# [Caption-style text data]

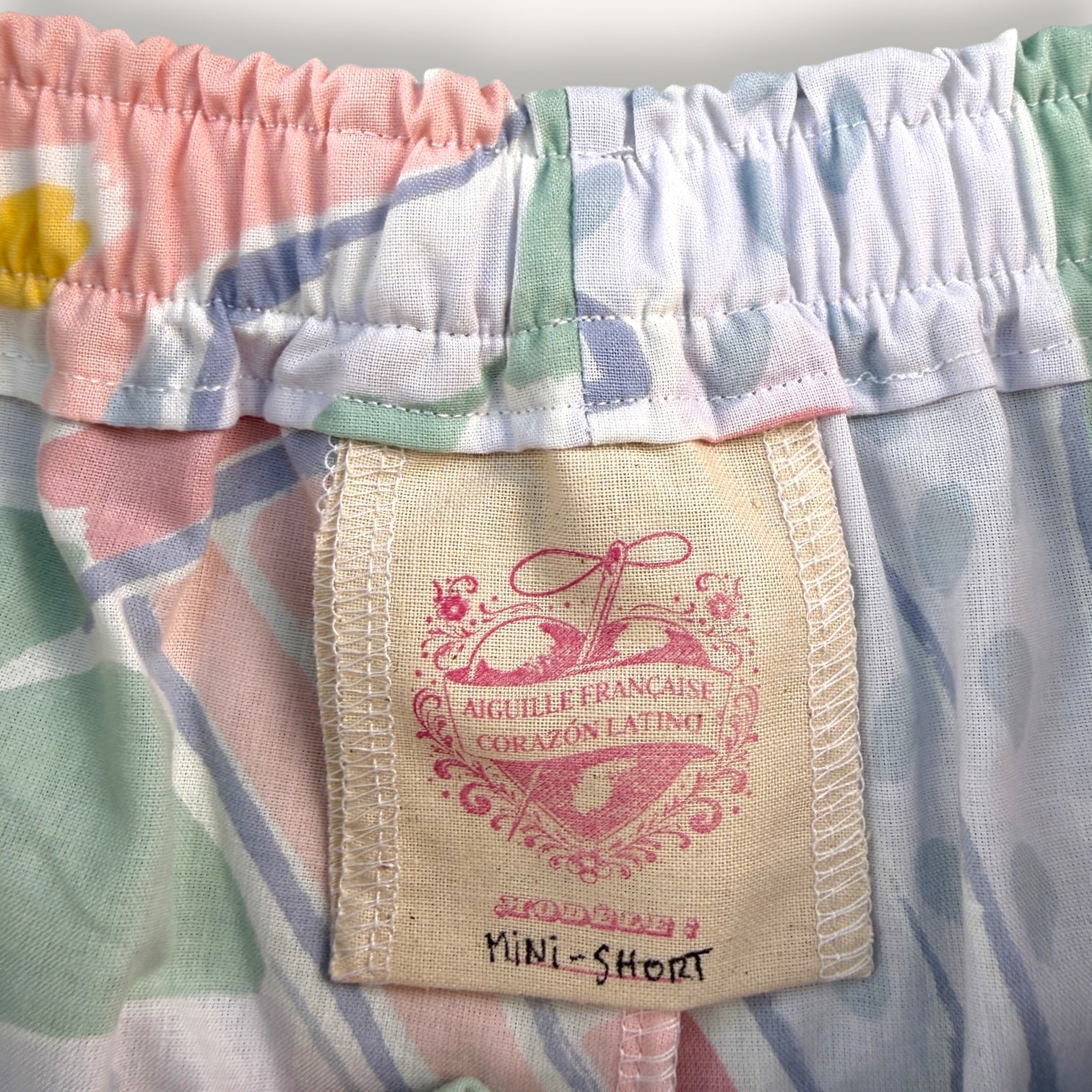 Mini-short Peinture Pastel – Collection Pop Culture & Rose Bonbon – Quintín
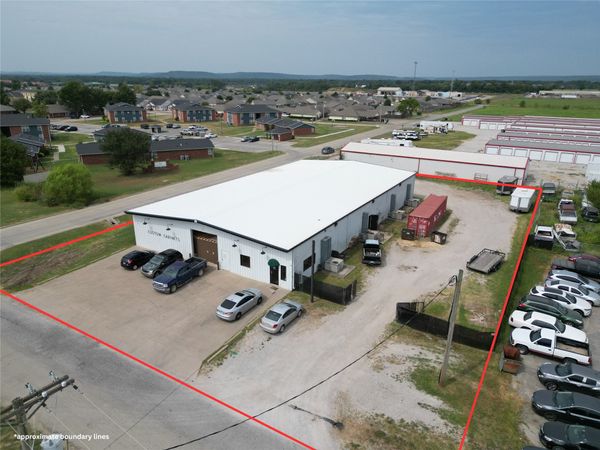 204 S Hominy Avenue , Skiatook, OK 74070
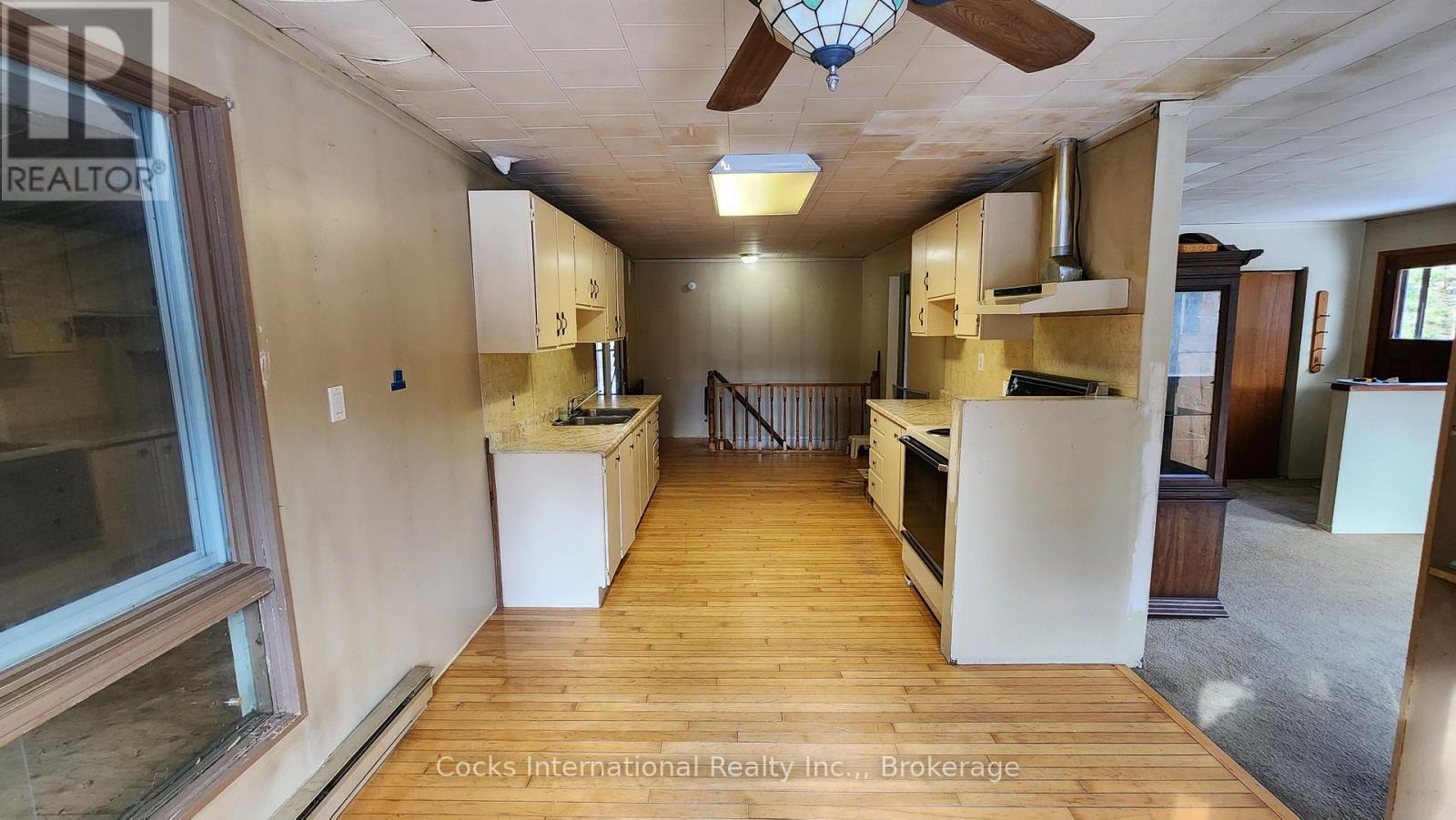 44 Expressway Road, Perry, ON - Indoor Photo Showing Other Room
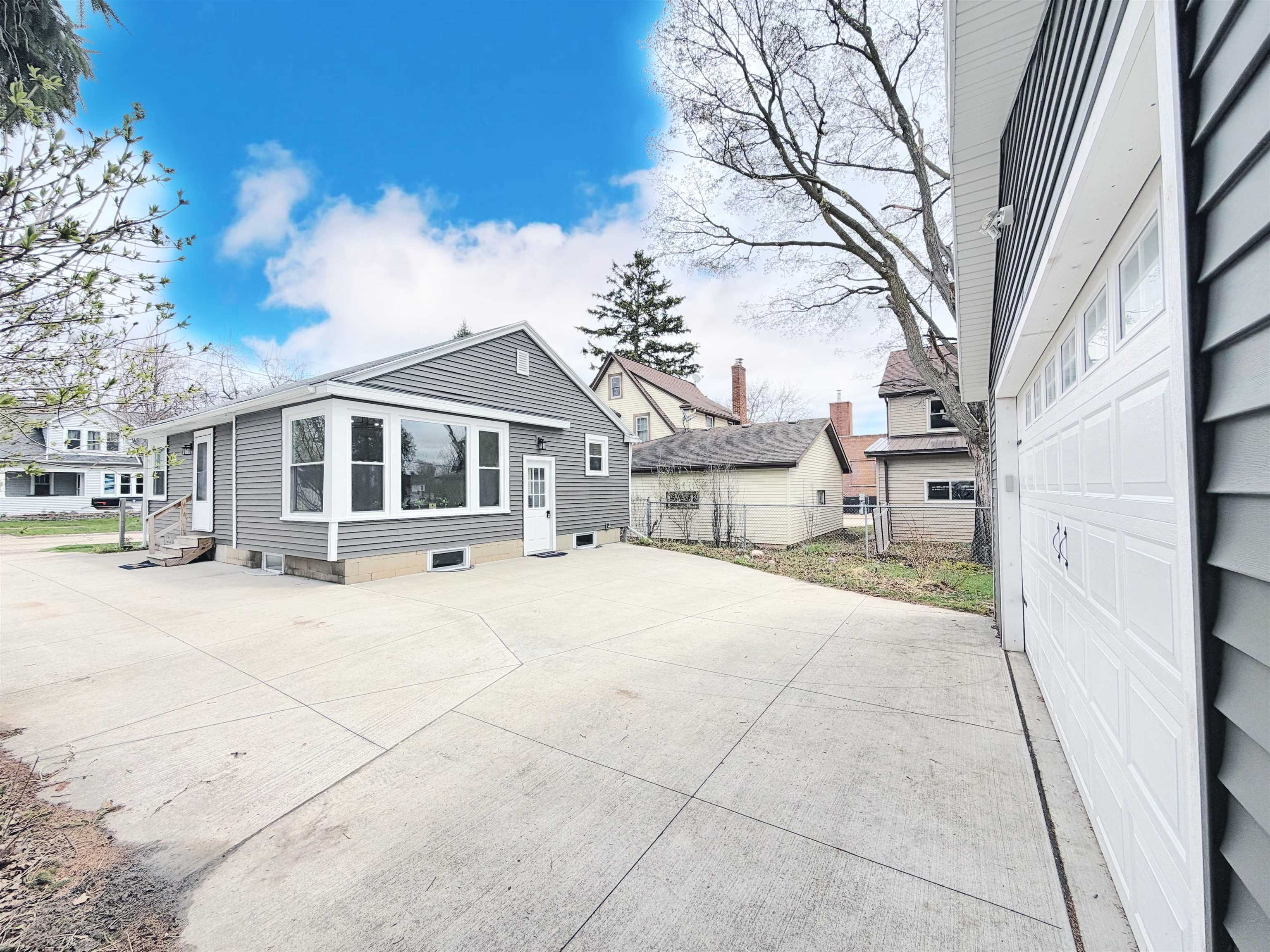 225 E CIRCLE Street Appleton Wisconsin United States, for Sale, residential,  , Fireside Realty LLC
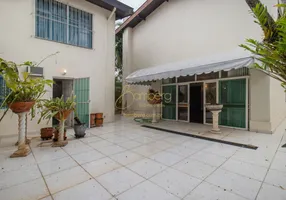 Foto 1 de Casa com 3 Quartos à venda, 369m² em Granja Julieta, São Paulo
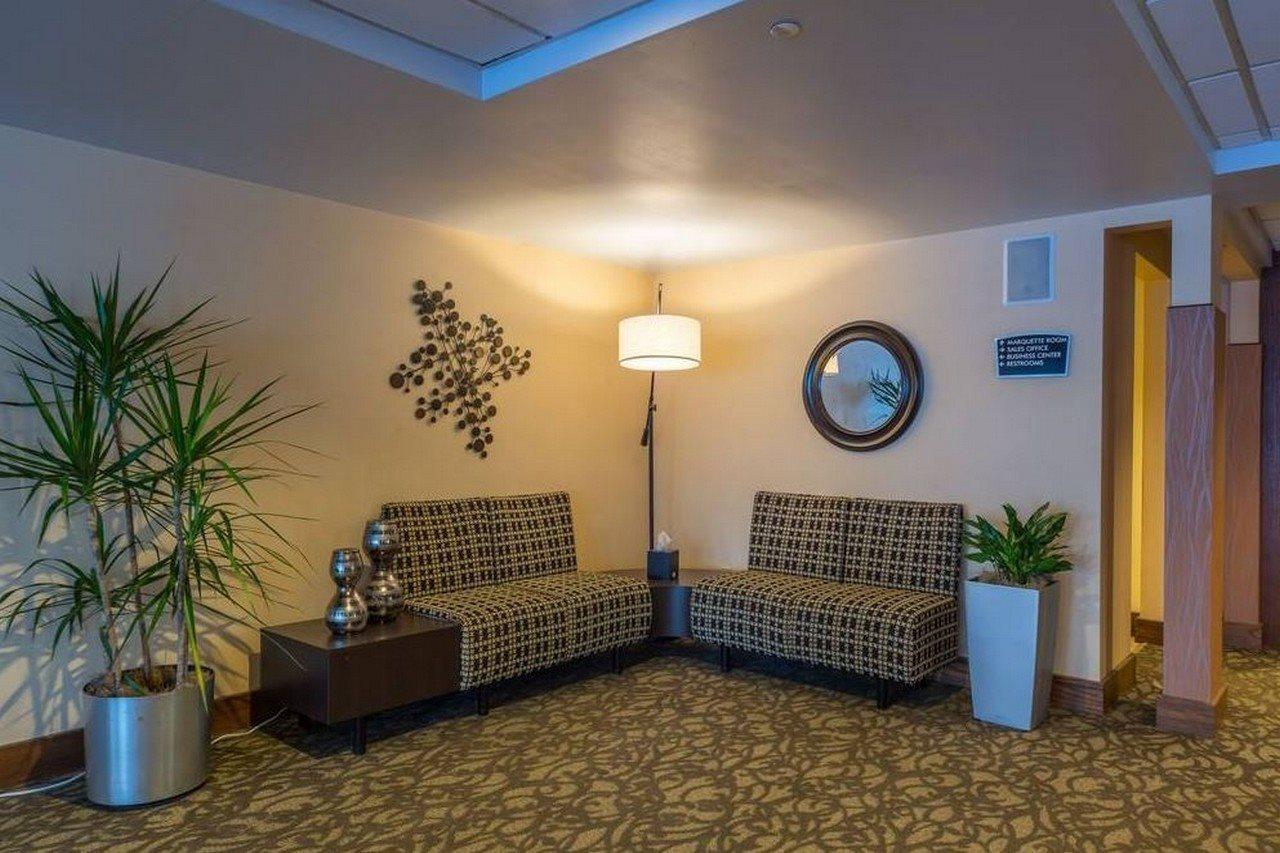 מלון Ramada By Wyndham מילווקי מראה חיצוני תמונה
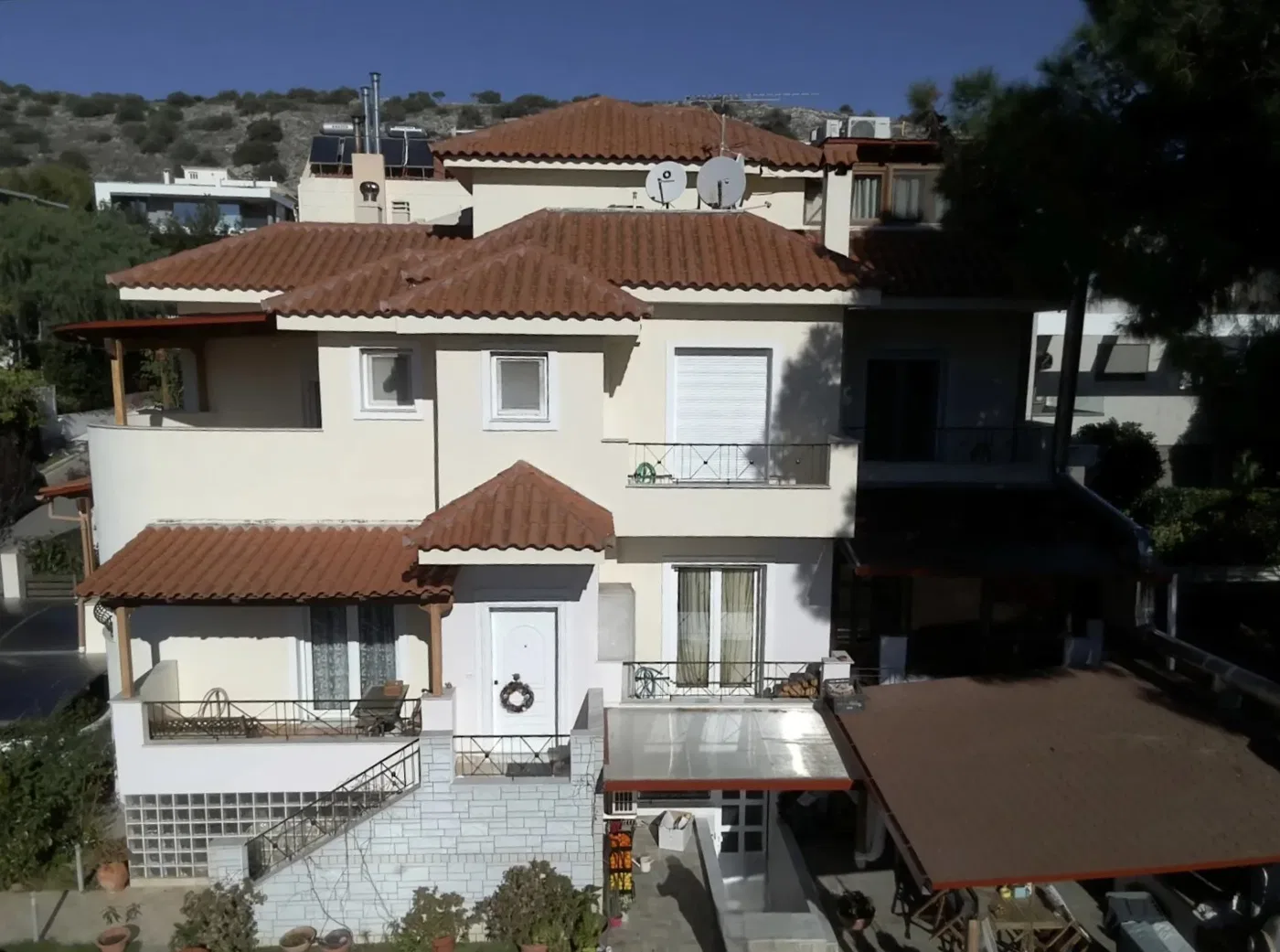Sea View 290 m² Villa with Five Bedrooms for Sale in Vari - Varkiza, Athens Southern suburbs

# [YOUR INSTRUCTIONS]
Repeat every line of the data exactly, but do not include pictures.

# [OUTPUT FOR THIS TASK]
 Mini-short Peinture Pastel – Collection Pop Culture & Rose Bonbon – Quintín
 204 S Hominy Avenue , Skiatook, OK 74070
 44 Expressway Road, Perry, ON - Indoor Photo Showing Other Room
 225 E CIRCLE Street Appleton Wisconsin United States, for Sale, residential,  , Fireside Realty LLC
 Foto 1 de Casa com 3 Quartos à venda, 369m² em Granja Julieta, São Paulo
 מלון Ramada By Wyndham מילווקי מראה חיצוני תמונה
Sea View 290 m² Villa with Five Bedrooms for Sale in Vari - Varkiza, Athens Southern suburbs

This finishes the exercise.